> Source data
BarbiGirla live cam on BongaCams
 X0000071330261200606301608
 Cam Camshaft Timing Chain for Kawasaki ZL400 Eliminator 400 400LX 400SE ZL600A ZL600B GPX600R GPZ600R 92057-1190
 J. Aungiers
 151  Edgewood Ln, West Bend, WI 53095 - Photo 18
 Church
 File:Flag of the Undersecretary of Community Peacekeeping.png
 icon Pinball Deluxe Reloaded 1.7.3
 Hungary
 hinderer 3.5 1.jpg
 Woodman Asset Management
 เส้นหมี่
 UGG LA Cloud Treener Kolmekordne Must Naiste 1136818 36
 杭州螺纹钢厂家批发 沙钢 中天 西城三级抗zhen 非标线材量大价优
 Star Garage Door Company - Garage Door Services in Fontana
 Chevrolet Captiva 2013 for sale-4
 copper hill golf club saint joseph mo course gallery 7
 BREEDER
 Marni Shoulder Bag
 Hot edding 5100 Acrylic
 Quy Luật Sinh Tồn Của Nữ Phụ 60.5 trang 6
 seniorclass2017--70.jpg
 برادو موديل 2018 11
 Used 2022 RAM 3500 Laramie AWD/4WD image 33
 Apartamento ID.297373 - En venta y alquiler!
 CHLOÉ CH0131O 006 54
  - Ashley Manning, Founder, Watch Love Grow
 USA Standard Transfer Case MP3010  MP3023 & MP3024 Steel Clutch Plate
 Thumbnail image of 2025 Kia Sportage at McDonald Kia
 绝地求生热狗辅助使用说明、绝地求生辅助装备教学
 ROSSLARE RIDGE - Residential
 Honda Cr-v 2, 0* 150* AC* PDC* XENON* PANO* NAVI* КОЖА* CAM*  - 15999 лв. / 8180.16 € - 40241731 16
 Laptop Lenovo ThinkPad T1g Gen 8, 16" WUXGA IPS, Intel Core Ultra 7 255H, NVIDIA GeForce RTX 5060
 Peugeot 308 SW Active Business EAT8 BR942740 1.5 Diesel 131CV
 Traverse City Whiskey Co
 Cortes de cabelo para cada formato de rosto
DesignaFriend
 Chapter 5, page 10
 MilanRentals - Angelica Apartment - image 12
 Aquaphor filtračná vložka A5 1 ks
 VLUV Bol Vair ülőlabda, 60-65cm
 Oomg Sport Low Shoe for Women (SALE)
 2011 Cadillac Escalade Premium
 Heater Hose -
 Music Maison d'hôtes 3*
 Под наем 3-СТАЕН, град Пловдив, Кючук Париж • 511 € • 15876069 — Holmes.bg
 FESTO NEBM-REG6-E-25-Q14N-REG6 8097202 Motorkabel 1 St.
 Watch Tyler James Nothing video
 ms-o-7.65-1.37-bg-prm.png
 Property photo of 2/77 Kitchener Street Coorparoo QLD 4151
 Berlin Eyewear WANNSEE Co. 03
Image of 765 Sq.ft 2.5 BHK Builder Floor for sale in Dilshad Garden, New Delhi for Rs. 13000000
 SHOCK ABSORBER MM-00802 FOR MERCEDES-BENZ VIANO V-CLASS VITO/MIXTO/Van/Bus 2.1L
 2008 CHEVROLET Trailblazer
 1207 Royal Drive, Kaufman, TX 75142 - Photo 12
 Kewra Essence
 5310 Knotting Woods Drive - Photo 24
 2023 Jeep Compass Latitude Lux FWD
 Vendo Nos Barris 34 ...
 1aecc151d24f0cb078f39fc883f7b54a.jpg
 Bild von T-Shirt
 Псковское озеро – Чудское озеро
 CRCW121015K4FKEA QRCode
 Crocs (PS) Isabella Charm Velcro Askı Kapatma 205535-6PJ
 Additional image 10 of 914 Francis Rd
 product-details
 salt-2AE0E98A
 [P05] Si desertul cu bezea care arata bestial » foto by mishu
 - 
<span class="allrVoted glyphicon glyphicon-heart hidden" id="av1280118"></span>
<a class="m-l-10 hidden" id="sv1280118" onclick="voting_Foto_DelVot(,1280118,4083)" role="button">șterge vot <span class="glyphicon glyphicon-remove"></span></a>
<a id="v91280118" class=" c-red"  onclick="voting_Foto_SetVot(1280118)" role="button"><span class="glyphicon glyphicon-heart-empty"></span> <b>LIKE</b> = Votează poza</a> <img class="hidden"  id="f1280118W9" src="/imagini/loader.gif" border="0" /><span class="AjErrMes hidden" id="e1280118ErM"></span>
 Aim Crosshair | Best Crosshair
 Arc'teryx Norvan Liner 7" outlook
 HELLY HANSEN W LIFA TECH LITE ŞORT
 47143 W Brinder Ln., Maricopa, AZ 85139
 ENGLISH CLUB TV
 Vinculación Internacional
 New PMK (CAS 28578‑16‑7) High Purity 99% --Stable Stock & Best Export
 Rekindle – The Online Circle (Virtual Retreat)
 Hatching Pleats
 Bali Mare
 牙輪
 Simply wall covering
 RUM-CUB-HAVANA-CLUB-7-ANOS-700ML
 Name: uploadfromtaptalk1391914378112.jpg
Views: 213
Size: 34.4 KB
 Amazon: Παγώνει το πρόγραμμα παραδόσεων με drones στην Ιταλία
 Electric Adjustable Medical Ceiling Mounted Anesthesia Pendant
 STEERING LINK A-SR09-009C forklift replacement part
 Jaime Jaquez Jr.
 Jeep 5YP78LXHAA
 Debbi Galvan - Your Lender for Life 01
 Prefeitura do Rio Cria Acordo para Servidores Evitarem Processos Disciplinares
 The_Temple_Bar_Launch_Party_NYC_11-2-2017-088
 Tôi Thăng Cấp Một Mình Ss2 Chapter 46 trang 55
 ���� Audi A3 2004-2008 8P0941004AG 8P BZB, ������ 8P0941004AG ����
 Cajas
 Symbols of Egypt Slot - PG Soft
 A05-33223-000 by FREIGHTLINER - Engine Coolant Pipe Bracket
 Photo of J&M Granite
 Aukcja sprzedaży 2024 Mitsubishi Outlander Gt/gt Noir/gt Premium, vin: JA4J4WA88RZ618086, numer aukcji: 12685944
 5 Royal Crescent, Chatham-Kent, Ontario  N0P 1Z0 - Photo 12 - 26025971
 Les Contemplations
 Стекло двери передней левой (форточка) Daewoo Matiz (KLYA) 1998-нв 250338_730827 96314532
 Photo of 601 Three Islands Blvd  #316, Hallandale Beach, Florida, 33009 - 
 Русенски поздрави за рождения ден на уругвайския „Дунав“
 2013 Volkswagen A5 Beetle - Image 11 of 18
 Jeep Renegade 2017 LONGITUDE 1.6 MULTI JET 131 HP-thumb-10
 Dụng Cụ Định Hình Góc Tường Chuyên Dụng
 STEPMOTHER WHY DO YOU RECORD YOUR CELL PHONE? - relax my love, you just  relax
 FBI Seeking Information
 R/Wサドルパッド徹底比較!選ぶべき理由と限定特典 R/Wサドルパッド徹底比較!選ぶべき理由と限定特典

> Task item
Copy every line above without changes.

> Response to this task
BarbiGirla live cam on BongaCams
 X0000071330261200606301608
 Cam Camshaft Timing Chain for Kawasaki ZL400 Eliminator 400 400LX 400SE ZL600A ZL600B GPX600R GPZ600R 92057-1190
 J. Aungiers
 151  Edgewood Ln, West Bend, WI 53095 - Photo 18
 Church
 File:Flag of the Undersecretary of Community Peacekeeping.png
 icon Pinball Deluxe Reloaded 1.7.3
 Hungary
 hinderer 3.5 1.jpg
 Woodman Asset Management
 เส้นหมี่
 UGG LA Cloud Treener Kolmekordne Must Naiste 1136818 36
 杭州螺纹钢厂家批发 沙钢 中天 西城三级抗zhen 非标线材量大价优
 Star Garage Door Company - Garage Door Services in Fontana
 Chevrolet Captiva 2013 for sale-4
 copper hill golf club saint joseph mo course gallery 7
 BREEDER
 Marni Shoulder Bag
 Hot edding 5100 Acrylic
 Quy Luật Sinh Tồn Của Nữ Phụ 60.5 trang 6
 seniorclass2017--70.jpg
 برادو موديل 2018 11
 Used 2022 RAM 3500 Laramie AWD/4WD image 33
 Apartamento ID.297373 - En venta y alquiler!
 CHLOÉ CH0131O 006 54
  - Ashley Manning, Founder, Watch Love Grow
 USA Standard Transfer Case MP3010  MP3023 & MP3024 Steel Clutch Plate
 Thumbnail image of 2025 Kia Sportage at McDonald Kia
 绝地求生热狗辅助使用说明、绝地求生辅助装备教学
 ROSSLARE RIDGE - Residential
 Honda Cr-v 2, 0* 150* AC* PDC* XENON* PANO* NAVI* КОЖА* CAM*  - 15999 лв. / 8180.16 € - 40241731 16
 Laptop Lenovo ThinkPad T1g Gen 8, 16" WUXGA IPS, Intel Core Ultra 7 255H, NVIDIA GeForce RTX 5060
 Peugeot 308 SW Active Business EAT8 BR942740 1.5 Diesel 131CV
 Traverse City Whiskey Co
 Cortes de cabelo para cada formato de rosto
DesignaFriend
 Chapter 5, page 10
 MilanRentals - Angelica Apartment - image 12
 Aquaphor filtračná vložka A5 1 ks
 VLUV Bol Vair ülőlabda, 60-65cm
 Oomg Sport Low Shoe for Women (SALE)
 2011 Cadillac Escalade Premium
 Heater Hose -
 Music Maison d'hôtes 3*
 Под наем 3-СТАЕН, град Пловдив, Кючук Париж • 511 € • 15876069 — Holmes.bg
 FESTO NEBM-REG6-E-25-Q14N-REG6 8097202 Motorkabel 1 St.
 Watch Tyler James Nothing video
 ms-o-7.65-1.37-bg-prm.png
 Property photo of 2/77 Kitchener Street Coorparoo QLD 4151
 Berlin Eyewear WANNSEE Co. 03
Image of 765 Sq.ft 2.5 BHK Builder Floor for sale in Dilshad Garden, New Delhi for Rs. 13000000
 SHOCK ABSORBER MM-00802 FOR MERCEDES-BENZ VIANO V-CLASS VITO/MIXTO/Van/Bus 2.1L
 2008 CHEVROLET Trailblazer
 1207 Royal Drive, Kaufman, TX 75142 - Photo 12
 Kewra Essence
 5310 Knotting Woods Drive - Photo 24
 2023 Jeep Compass Latitude Lux FWD
 Vendo Nos Barris 34 ...
 1aecc151d24f0cb078f39fc883f7b54a.jpg
 Bild von T-Shirt
 Псковское озеро – Чудское озеро
 CRCW121015K4FKEA QRCode
 Crocs (PS) Isabella Charm Velcro Askı Kapatma 205535-6PJ
 Additional image 10 of 914 Francis Rd
 product-details
 salt-2AE0E98A
 [P05] Si desertul cu bezea care arata bestial » foto by mishu
 - 
<span class="allrVoted glyphicon glyphicon-heart hidden" id="av1280118"></span>
<a class="m-l-10 hidden" id="sv1280118" onclick="voting_Foto_DelVot(,1280118,4083)" role="button">șterge vot <span class="glyphicon glyphicon-remove"></span></a>
<a id="v91280118" class=" c-red"  onclick="voting_Foto_SetVot(1280118)" role="button"><span class="glyphicon glyphicon-heart-empty"></span> <b>LIKE</b> = Votează poza</a> <img class="hidden"  id="f1280118W9" src="/imagini/loader.gif" border="0" /><span class="AjErrMes hidden" id="e1280118ErM"></span>
 Aim Crosshair | Best Crosshair
 Arc'teryx Norvan Liner 7" outlook
 HELLY HANSEN W LIFA TECH LITE ŞORT
 47143 W Brinder Ln., Maricopa, AZ 85139
 ENGLISH CLUB TV
 Vinculación Internacional
 New PMK (CAS 28578‑16‑7) High Purity 99% --Stable Stock & Best Export
 Rekindle – The Online Circle (Virtual Retreat)
 Hatching Pleats
 Bali Mare
 牙輪
 Simply wall covering
 RUM-CUB-HAVANA-CLUB-7-ANOS-700ML
 Name: uploadfromtaptalk1391914378112.jpg
Views: 213
Size: 34.4 KB
 Amazon: Παγώνει το πρόγραμμα παραδόσεων με drones στην Ιταλία
 Electric Adjustable Medical Ceiling Mounted Anesthesia Pendant
 STEERING LINK A-SR09-009C forklift replacement part
 Jaime Jaquez Jr.
 Jeep 5YP78LXHAA
 Debbi Galvan - Your Lender for Life 01
 Prefeitura do Rio Cria Acordo para Servidores Evitarem Processos Disciplinares
 The_Temple_Bar_Launch_Party_NYC_11-2-2017-088
 Tôi Thăng Cấp Một Mình Ss2 Chapter 46 trang 55
 ���� Audi A3 2004-2008 8P0941004AG 8P BZB, ������ 8P0941004AG ����
 Cajas
 Symbols of Egypt Slot - PG Soft
 A05-33223-000 by FREIGHTLINER - Engine Coolant Pipe Bracket
 Photo of J&M Granite
 Aukcja sprzedaży 2024 Mitsubishi Outlander Gt/gt Noir/gt Premium, vin: JA4J4WA88RZ618086, numer aukcji: 12685944
 5 Royal Crescent, Chatham-Kent, Ontario  N0P 1Z0 - Photo 12 - 26025971
 Les Contemplations
 Стекло двери передней левой (форточка) Daewoo Matiz (KLYA) 1998-нв 250338_730827 96314532
 Photo of 601 Three Islands Blvd  #316, Hallandale Beach, Florida, 33009 - 
 Русенски поздрави за рождения ден на уругвайския „Дунав“
 2013 Volkswagen A5 Beetle - Image 11 of 18
 Jeep Renegade 2017 LONGITUDE 1.6 MULTI JET 131 HP-thumb-10
 Dụng Cụ Định Hình Góc Tường Chuyên Dụng
 STEPMOTHER WHY DO YOU RECORD YOUR CELL PHONE? - relax my love, you just  relax
 FBI Seeking Information
 R/Wサドルパッド徹底比較!選ぶべき理由と限定特典 R/Wサドルパッド徹底比較!選ぶべき理由と限定特典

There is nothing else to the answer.